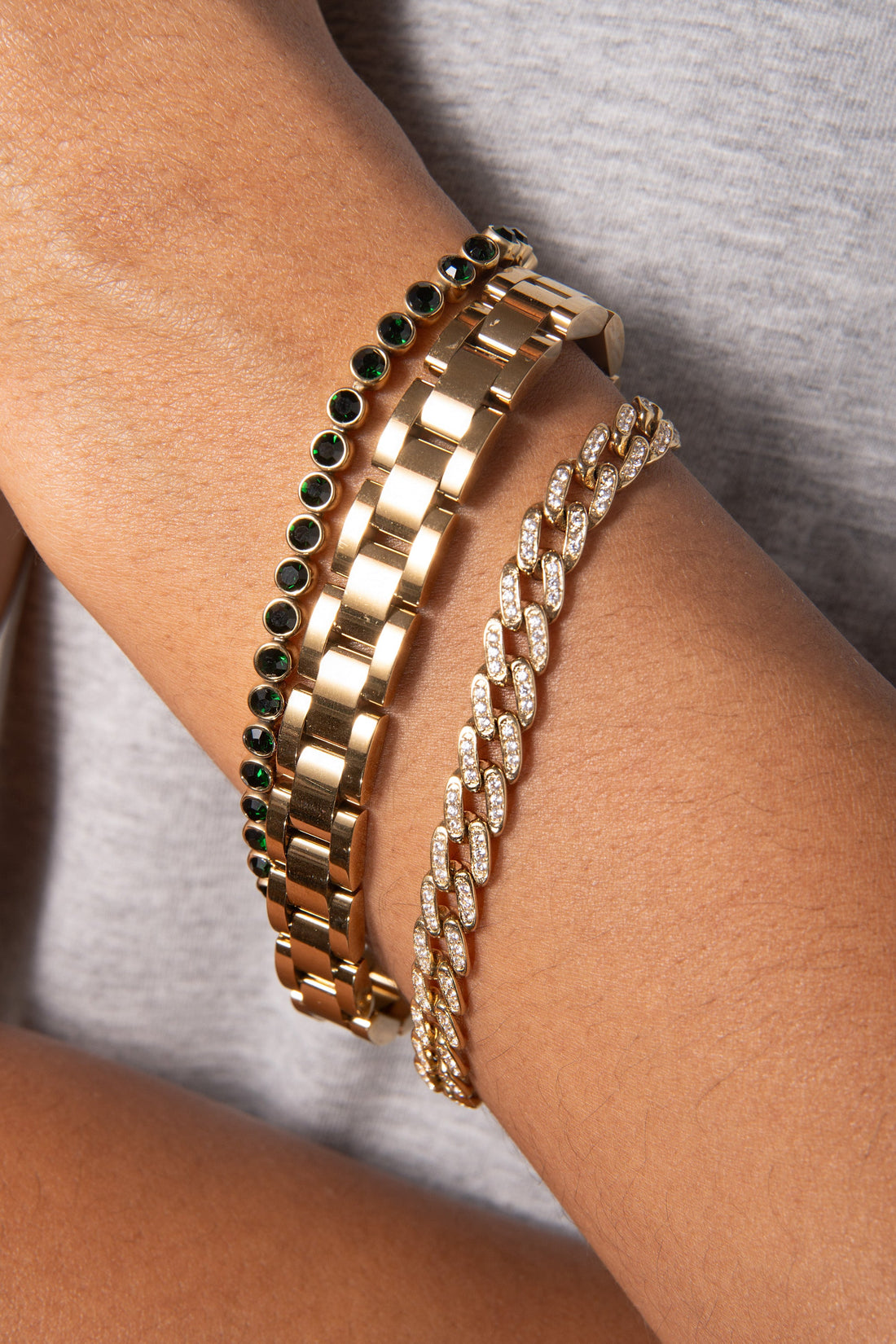 Chunky Watch Strap Bracelet - Adjustable Chain Link Wrist Accessory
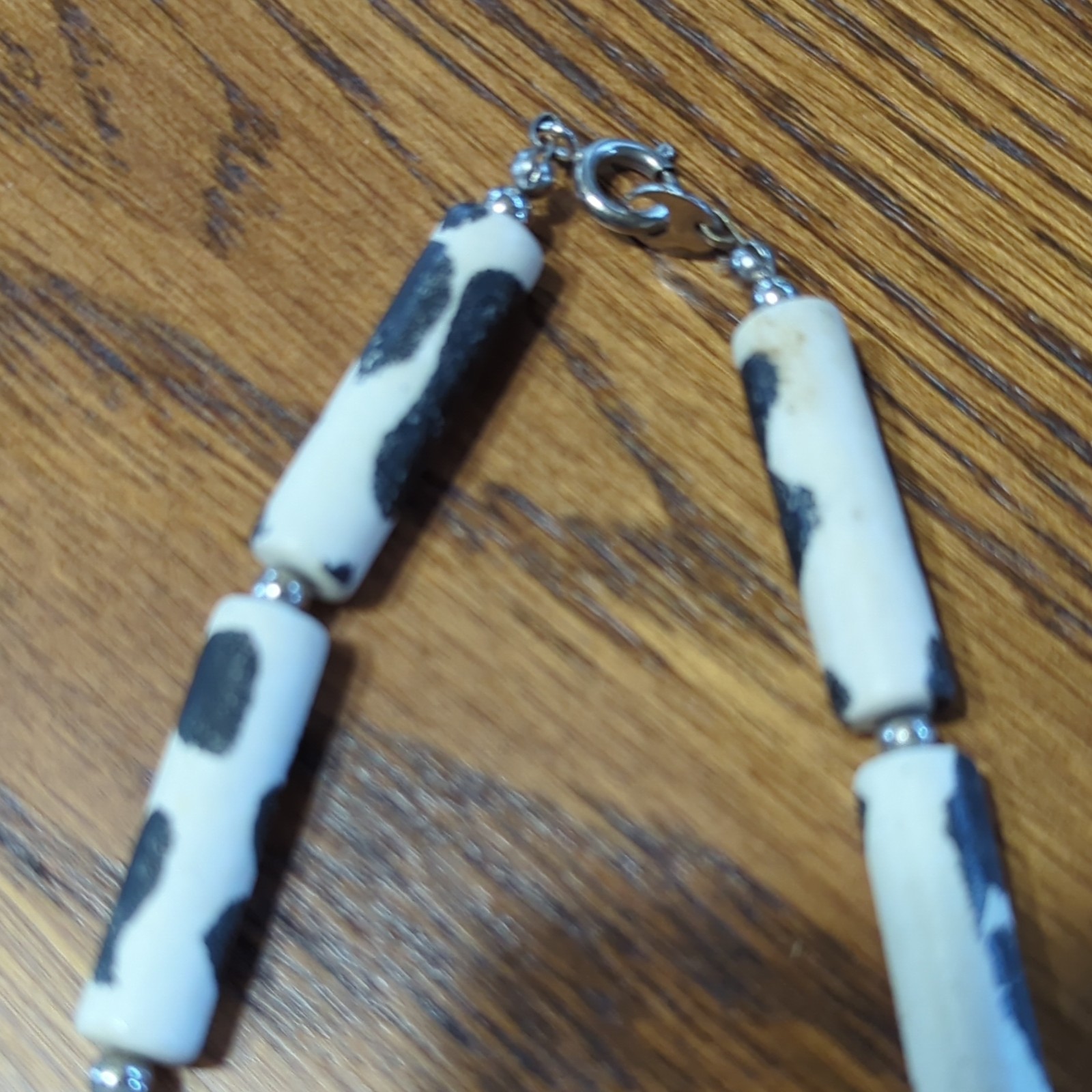 Chunky Vintage Stone Necklace Made In Japan 28″ Black and White
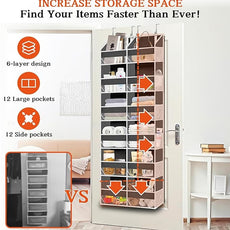 2 Pack Over The Door Organizer 6 Tiers, Extra Large Behind Door Storage of 12 Compartments, 80 lbs Weight Capacity Hanging Storage Organizer with Clear Window Kids Toys,Shoes (6 Tiers - Grey)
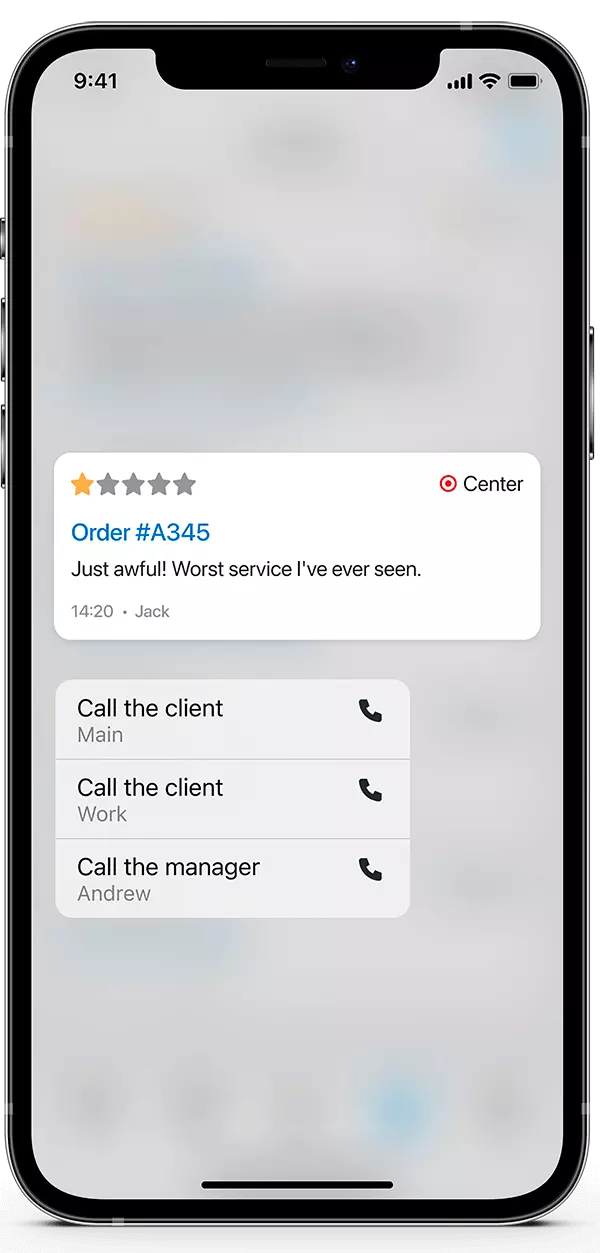 review card to contact the customer or the order manager.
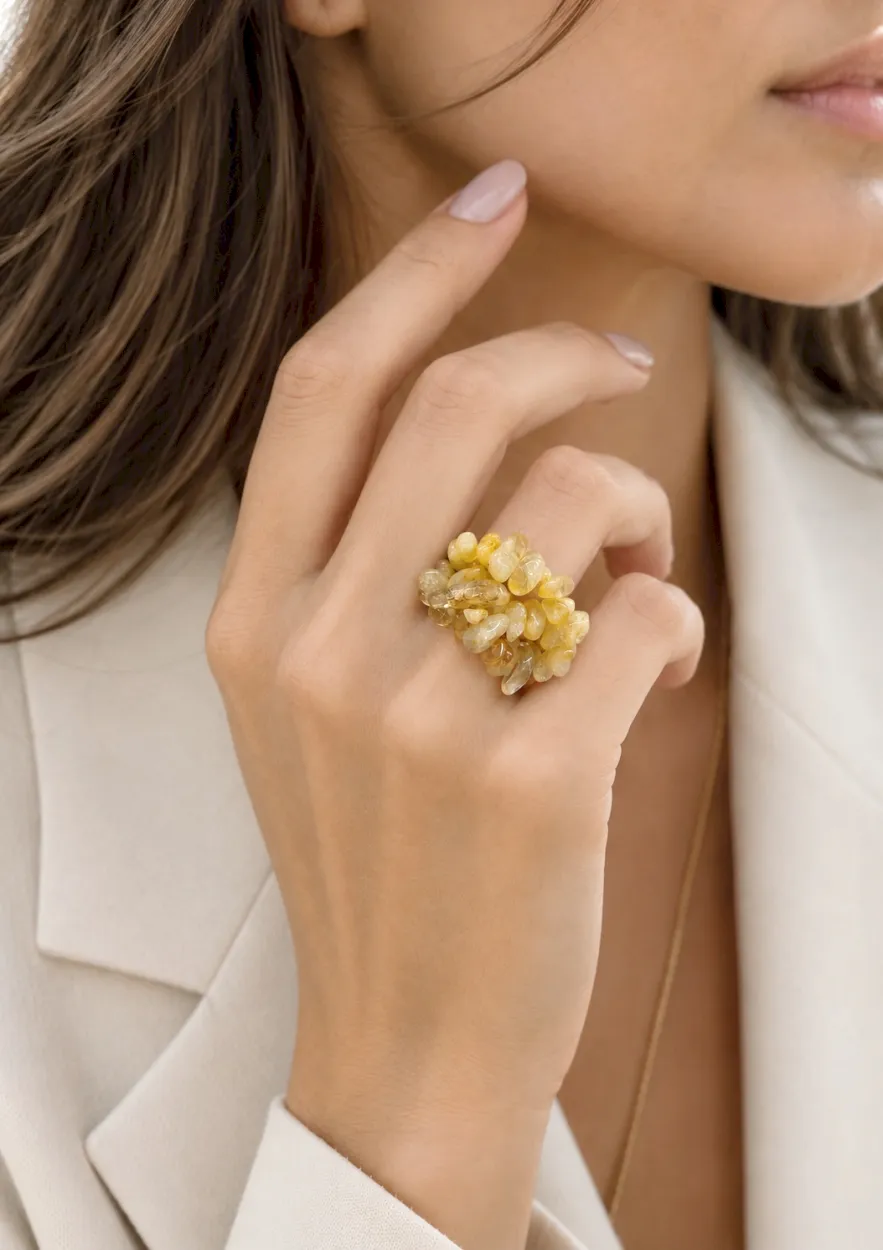 Anillo chilenito Cuarzo Citrino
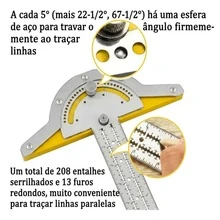Esquadro Transferidor Goniômetro 10 Pol Aço Inox Bomvink - A - Visão 2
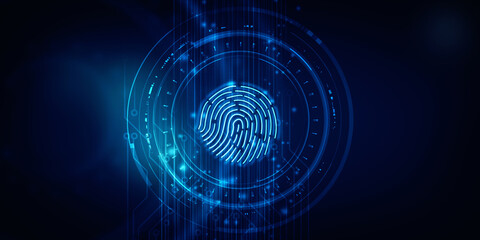 Fingerprint Scanning Technology Concept 2d Illustration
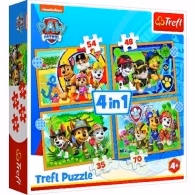 Trefl 34395 Puzzle 4In1 Holiday Paw Patrol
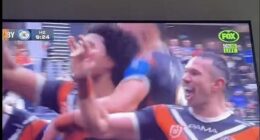 The West Tigers players appeared to taunt Canterbury Bulldogs fans, with Brent Naden (right) seen to perform a 'Khod' gesture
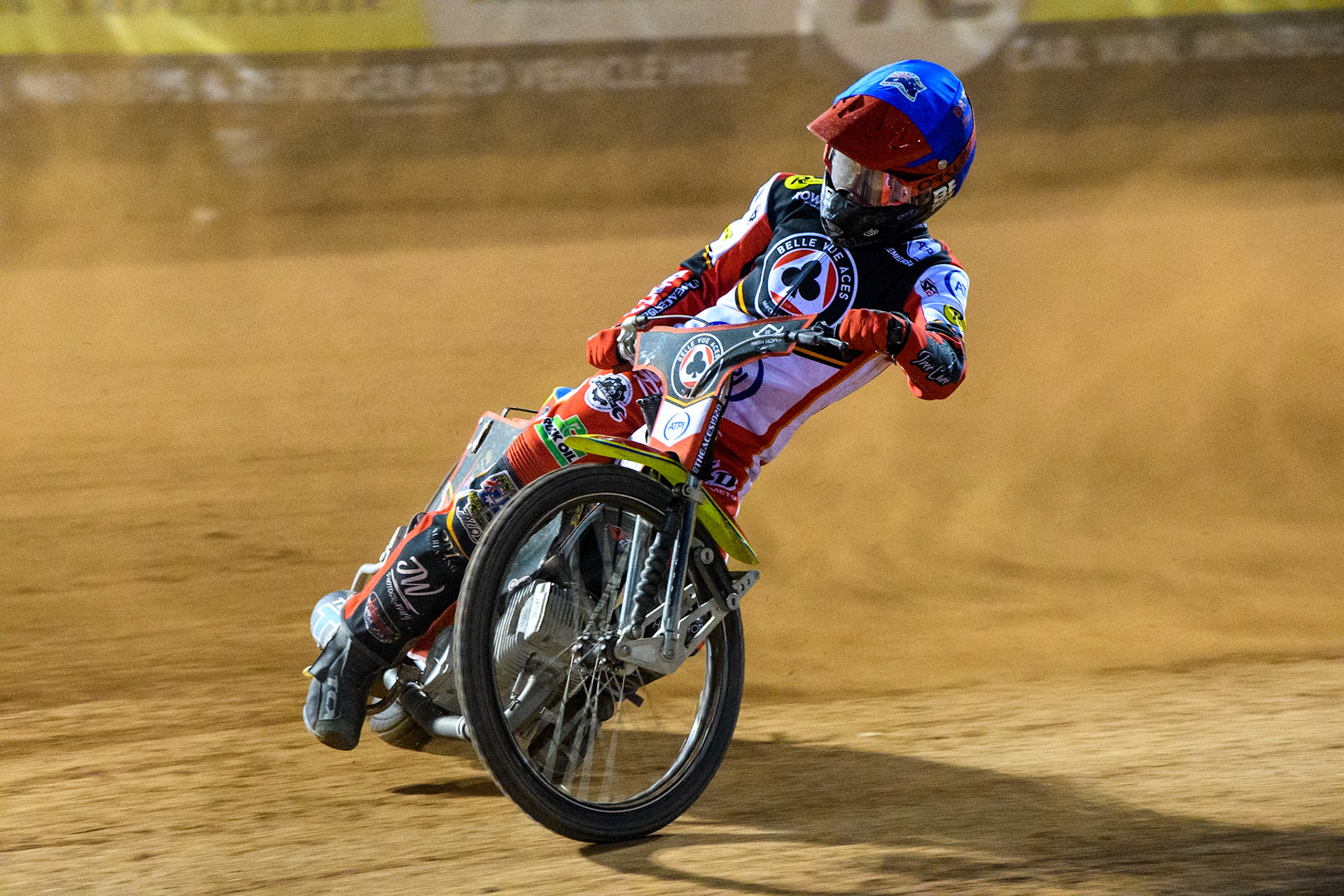 Belle Vue Aces' Tate Zischke in action during the Rowe Motor Oil Premiership match between Belle Vue Aces and Oxford Spires at the National Speedway Stadium, Manchester on Monday 14th April 2025. (Photo: Ian Charles | MI News)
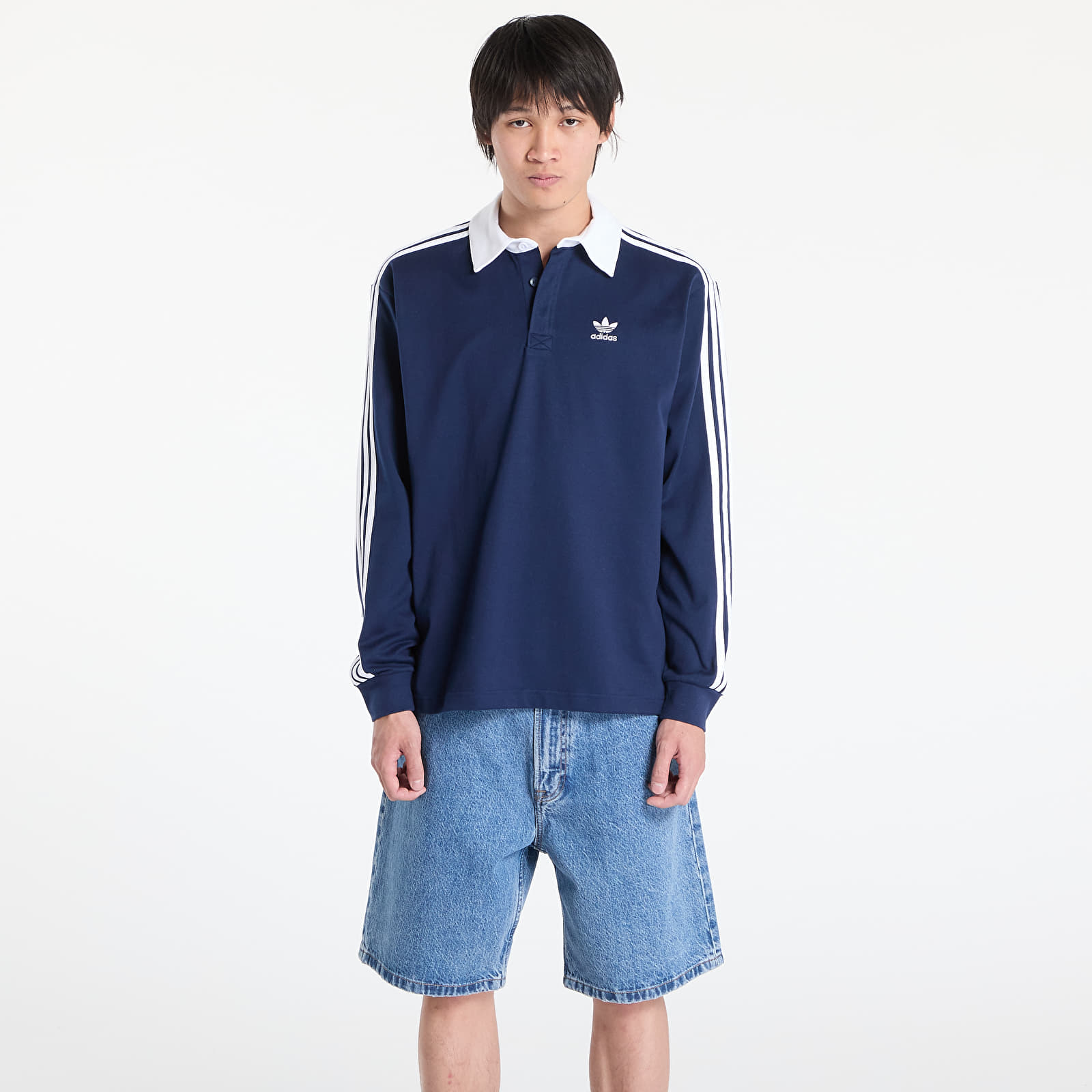 Meeste T-särgid adidas Adicolor Rugby Polo Shirt Night Indigo/ White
______________________________
-- Brief --
Of all the material above, only the lines from the one that has "Trefl 34395 Puzzle 4In1 Holiday Paw Patrol" down to the one that has "Belle Vue Aces'" are to be written out, exactly and with both ends included. Pictures are skipped.

-- Task solution --
 Trefl 34395 Puzzle 4In1 Holiday Paw Patrol
 The West Tigers players appeared to taunt Canterbury Bulldogs fans, with Brent Naden (right) seen to perform a 'Khod' gesture
 Belle Vue Aces' Tate Zischke in action during the Rowe Motor Oil Premiership match between Belle Vue Aces and Oxford Spires at the National Speedway Stadium, Manchester on Monday 14th April 2025. (Photo: Ian Charles | MI News)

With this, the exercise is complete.